* [Your goal]: Apart from the images, the records below need to be copied exactly.
──────────────────────────────
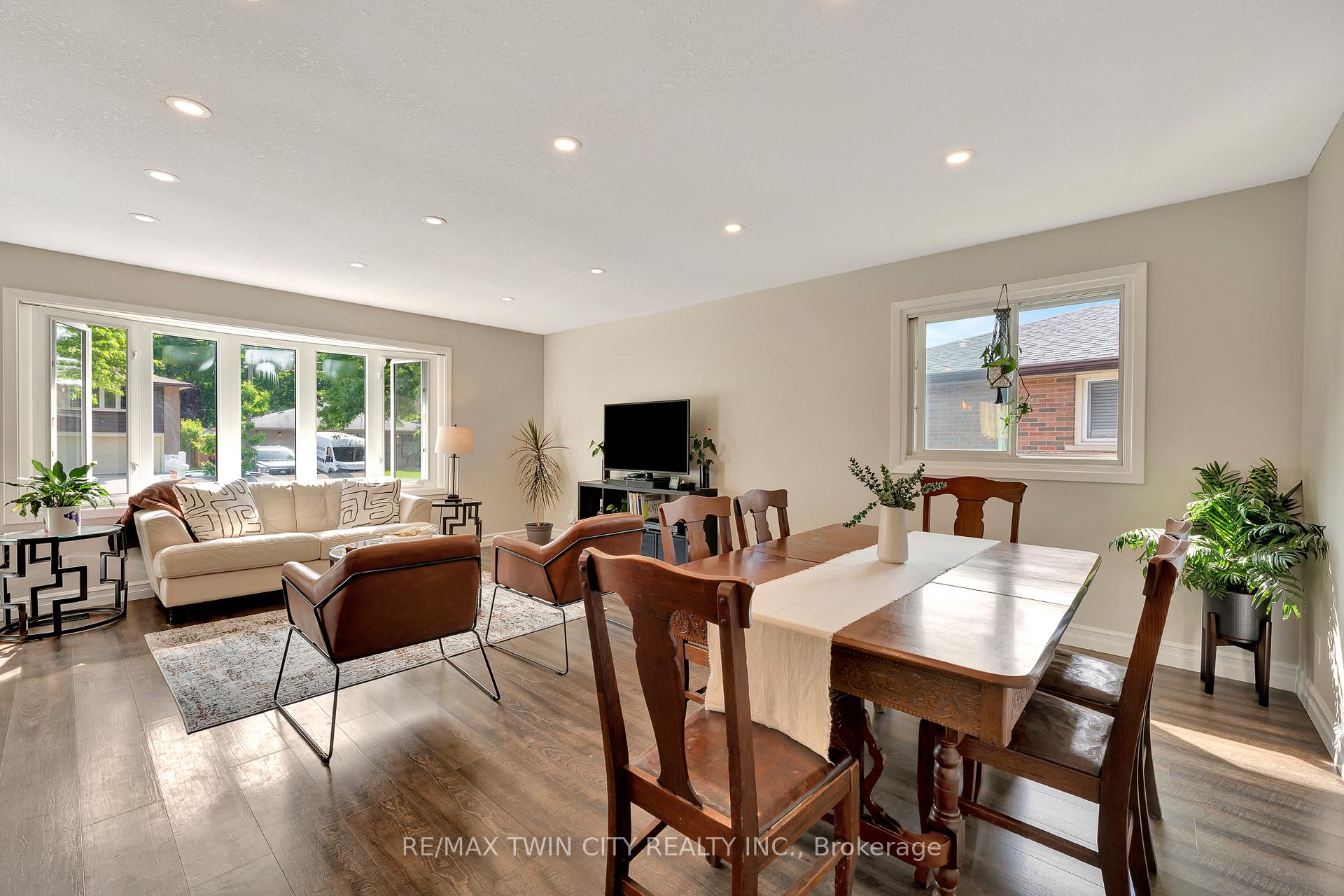 Photo 18 of 588 Highpoint Avenue, Waterloo — HOMEH
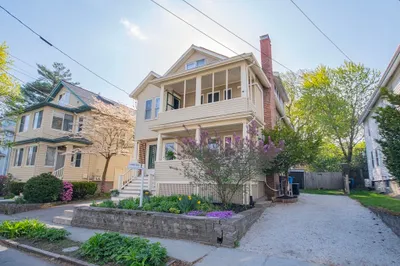 14 Leslie Rd #14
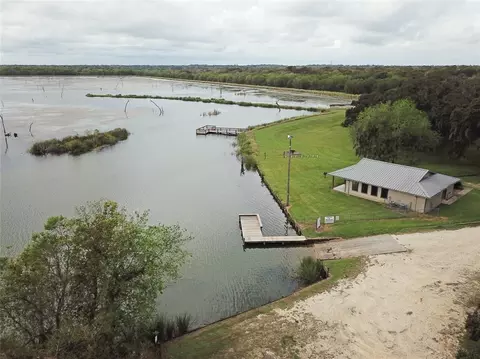 920 Mill Rd, Angleton, TX 77515 photo 4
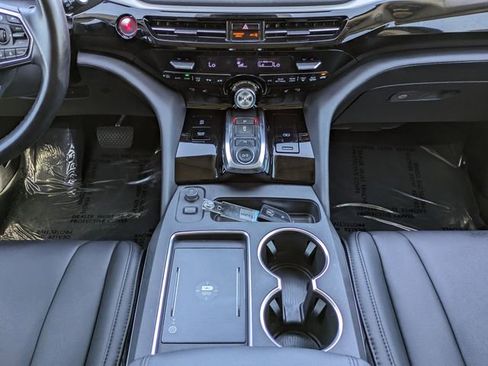 Used 2025 Acura MDX SH-AWD image 21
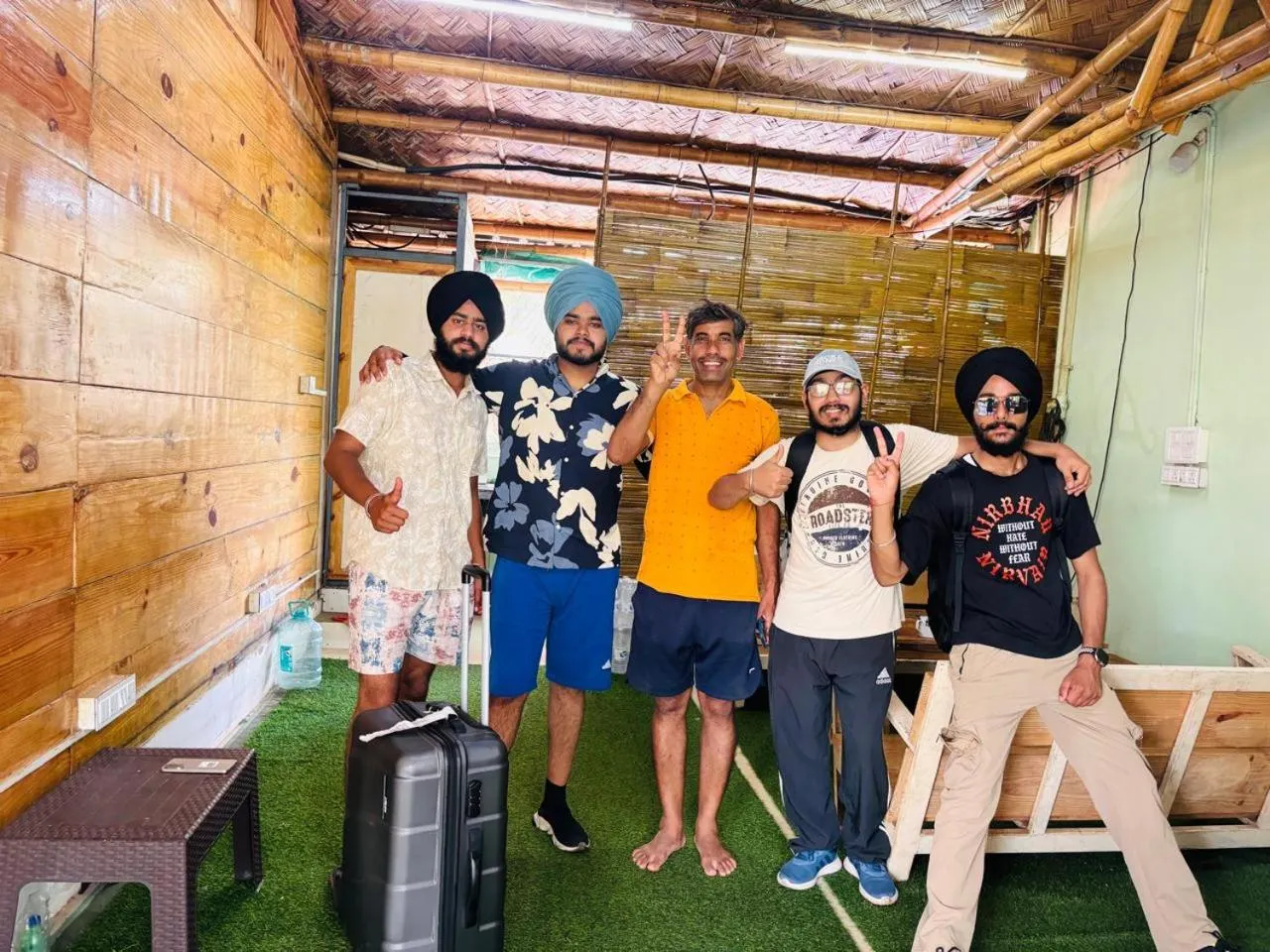 People in Jeet hostel and Stay Rooms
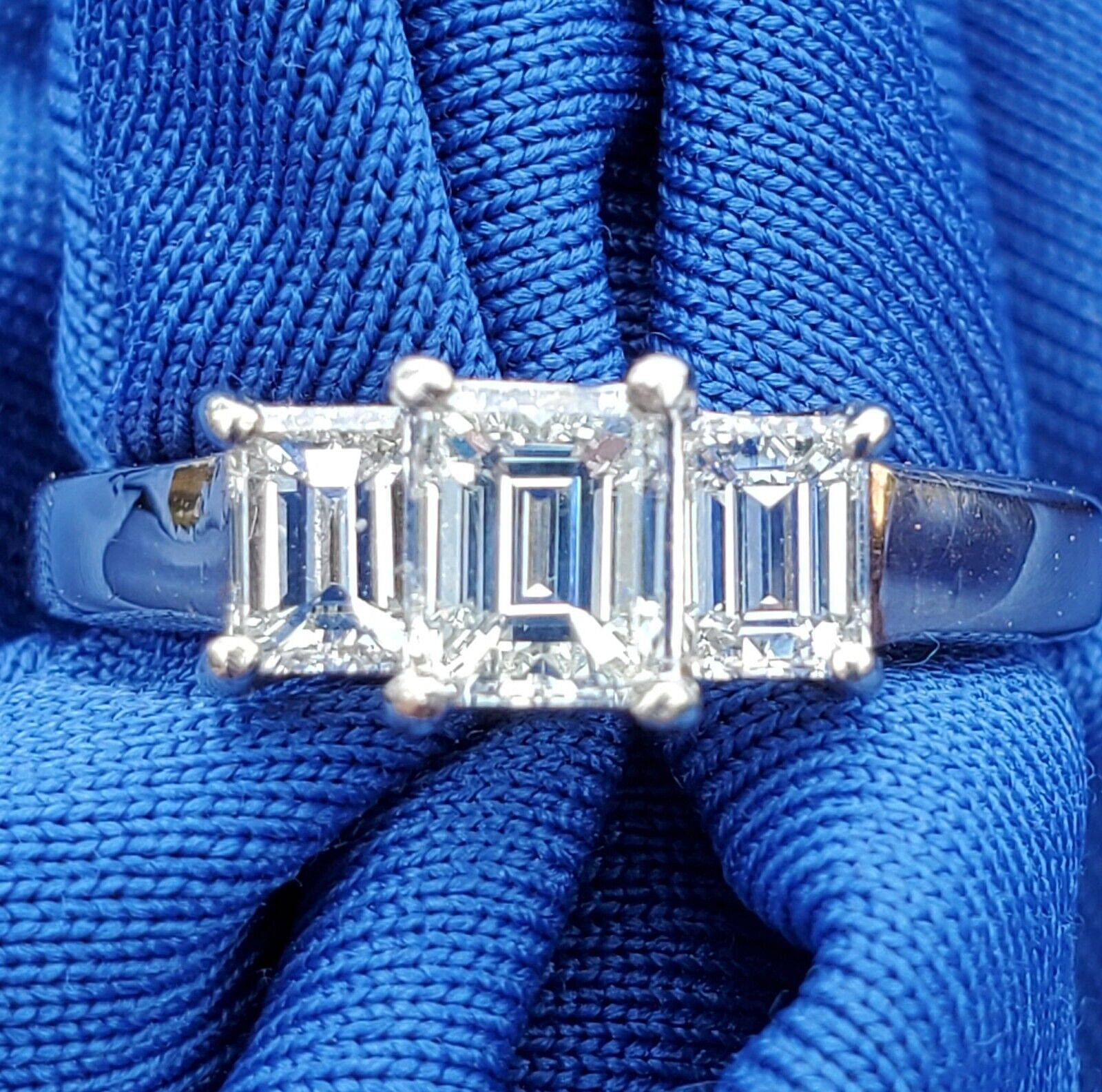 Original EARTH MINED DIAMOND Emerald cut Deco Engagement Ring Vintage 3 stone 7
──────────────────────────────
* [Answer section]:
 Photo 18 of 588 Highpoint Avenue, Waterloo — HOMEH
 14 Leslie Rd #14
 920 Mill Rd, Angleton, TX 77515 photo 4
 Used 2025 Acura MDX SH-AWD image 21
 People in Jeet hostel and Stay Rooms
 Original EARTH MINED DIAMOND Emerald cut Deco Engagement Ring Vintage 3 stone 7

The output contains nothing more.